Description of problem: When using ntfsclone we observe this error which seems to indicate memory corruption in the binary: ntfsclone -o - --save-image --metadata --ignore-fs-check /dev/sda2 ntfsclone v2017.3.23 (libntfs-3g) NTFS volume version: 3.1 Cluster size : 4096 bytes Current volume size: 268402688 bytes (269 MB) Current device size: 268403200 bytes (269 MB) Scanning volume ... 0.00 percent completed^M100.00 percent completed Accounting clusters ... Space in use : 1 MB (0.2%) Scanning volume ... 0.00 percent completed^Mntfsclone: malloc.c:2385: sysmalloc: Assertion `(old_top == initial_top (av) && old_size == 0) || ((unsigned long) (old_size) >= MINSIZE && prev_inuse (old_top) && ((unsigned long) old_end & (pagesize - 1)) == 0)' failed. Version-Release number of selected component (if applicable): ntfsprogs-2017.3.23-6.fc29.x86_64 I recently upgraded this machine. This did NOT happen with the previous version (2:2017.3.23-4.fc28). However since I also upgraded a lot of other stuff including glibc, it might have been caused by another component. How reproducible: 100% Steps to Reproduce: 1. Run the libguestfs test suite in the tests/ntfs directory.

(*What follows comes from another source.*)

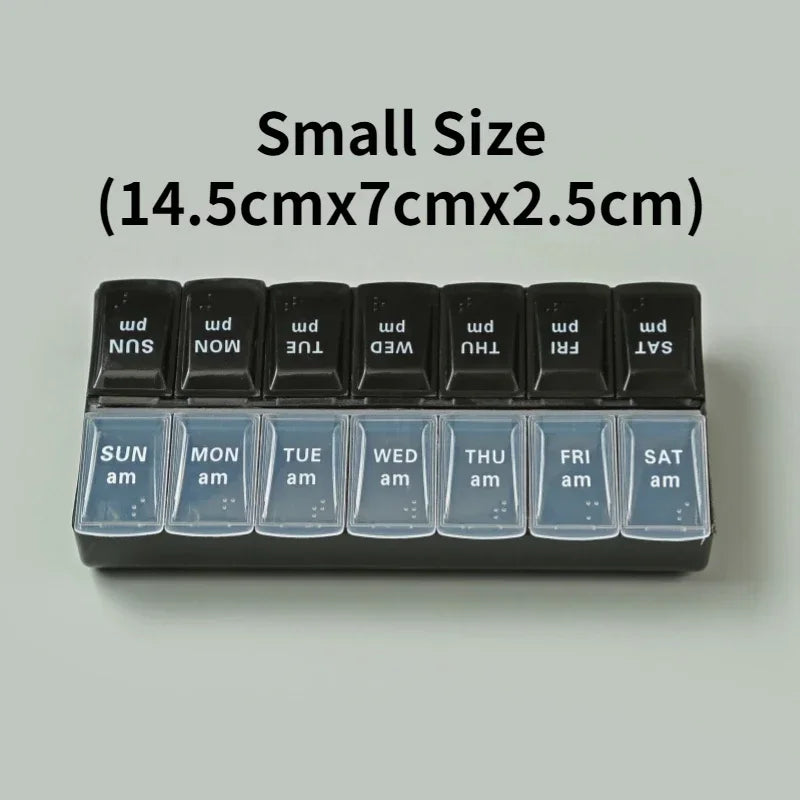 Weekly Pill Box Organizer Cases Portable Pillbox 7 Days 14 Grids Pills Container Storage Tablets Vitamins Medicine Fish Oils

Created attachment 1459065 [details] Avoid malloc() of zero bytes Due to a recent change implying mallocation of buffers for clusters, there is a possibility that an malloc() of zero bytes is made when no backup bootsector is present in the image. This patch avoid this situation, though such an malloc() should be allowed (which means the patch might not address the real issue).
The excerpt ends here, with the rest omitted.